◆ **Information supplied**
--- START ---

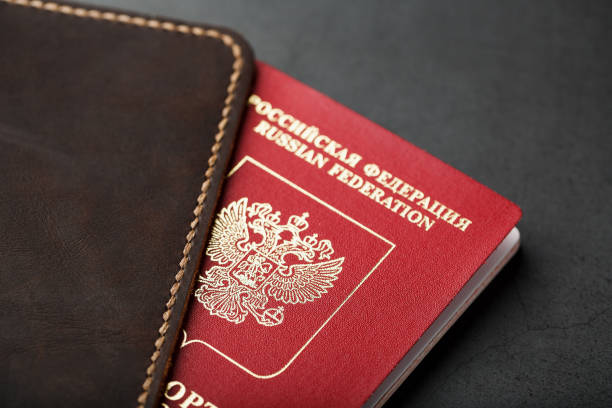istock Brown leather cover with a red passport on a dark background 1184436658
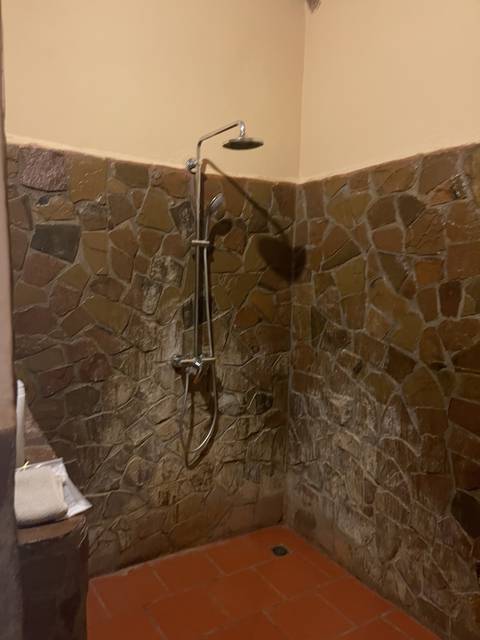 Shower area with stone wall.
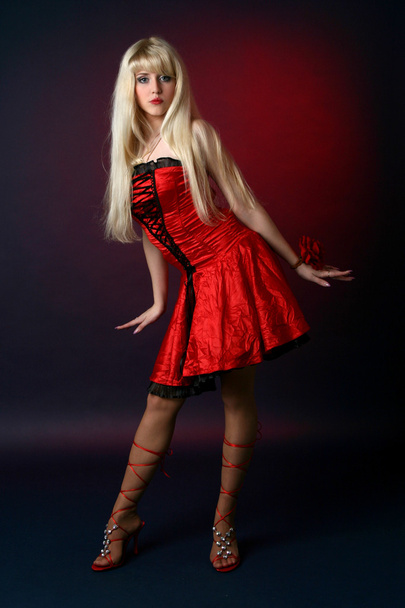 Young blonde in a red satiny dress - Zdjęcie, obraz
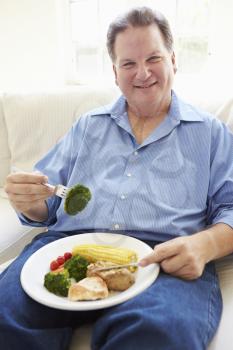 Overweight Man Eating Healthy Meal Sitting On Sofa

--- END ---

◆ **What you will do**
A faithful copy of all the lines above is needed, with the pictures omitted.

◆ **Written response**
istock Brown leather cover with a red passport on a dark background 1184436658
 Shower area with stone wall.
 Young blonde in a red satiny dress - Zdjęcie, obraz
 Overweight Man Eating Healthy Meal Sitting On Sofa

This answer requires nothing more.